First, we need to obtain the annotated dataset from the official repository:
# Create a new directory for the dataset
mkdir -p data/rag-qa-benchmarking
# Get the annotated questions
curl https://raw.githubusercontent.com/awslabs/rag-qa-arena/refs/heads/main/data/annotations_science_with_citation.jsonl -o data/rag-qa-benchmarking/annotations_science_with_citation.jsonl
Download the Robust-QA Documents
LFRQA is built upon Robust-QA, so we must download the relevant documents:
# Download the Lotte dataset, which includes the required documents
curl https://downloads.cs.stanford.edu/nlp/data/colbert/colbertv2/lotte.tar.gz --output lotte.tar.gz
# Extract the dataset
tar -xvzf lotte.tar.gz
# Move the science test collection to our dataset folder
cp lotte/science/test/collection.tsv ./data/rag-qa-benchmarking/science_test_collection.tsv
# Clean up unnecessary files
rm lotte.tar.gz
rm -rf lotte
We now load the documents into a pandas dataframe:
import os
import pandas as pd
# Load questions and answers dataset
rag_qa_benchmarking_dir = os.path.join("data", "rag-qa-benchmarking")
# Load documents dataset
lfrqa_docs_df = pd.read_csv(
os.path.join(rag_qa_benchmarking_dir, "science_test_collection.tsv"),
sep="\t",
names=["doc_id", "doc_text"],
)
Select the Documents to Use
RobustQA consists on 1.7M documents, so building the whole index will take around 3 hours.

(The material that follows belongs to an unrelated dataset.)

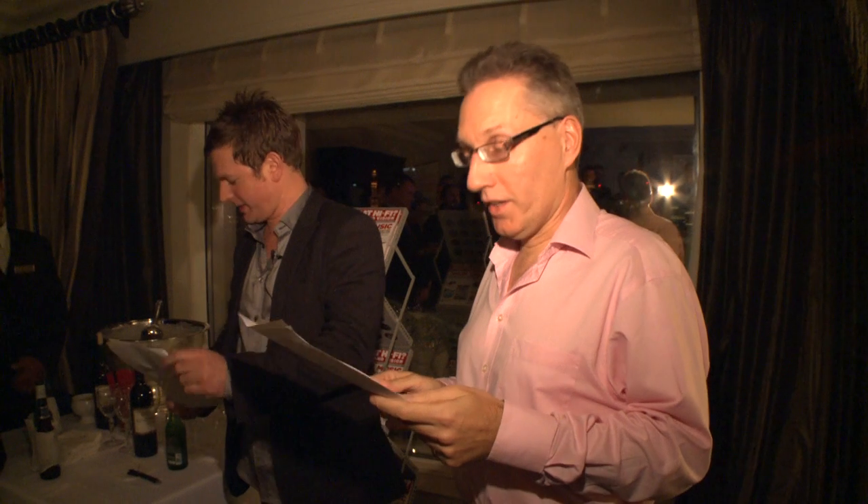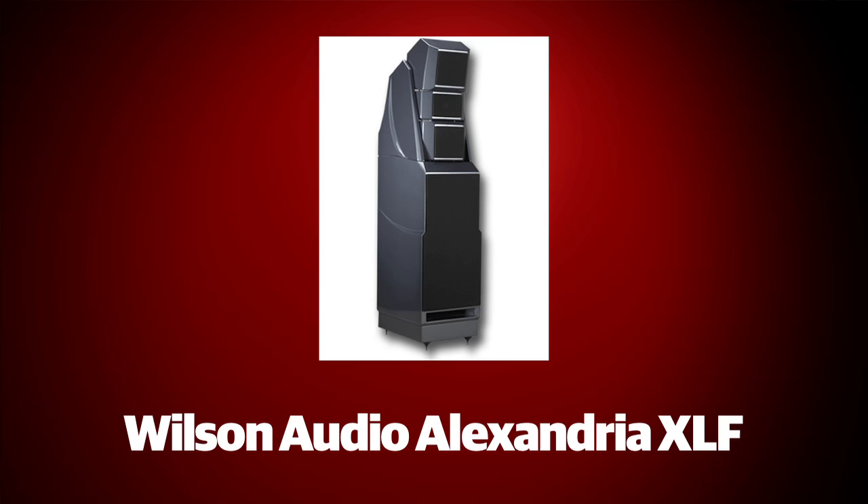And finally, a stirring example of speaker perfectionism — the enormous and spectacular Alexandria XLF speakers offer something truly exceptional. They are our final stars of CES 2012.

If you want to run a test, you can use a portion of the dataset and the questions that can be answered only on those documents.
proportion_to_use = 1 / 100
amount_of_docs_to_use = int(len(lfrqa_docs_df) * proportion_to_use)
print(f"Using {amount_of_docs_to_use} out of {len(lfrqa_docs_df)} documents")
Prepare the Document Files
We now create the document directory and store each document as a separate text file, so that paperqa can build the index.
partial_docs = lfrqa_docs_df.head(amount_of_docs_to_use)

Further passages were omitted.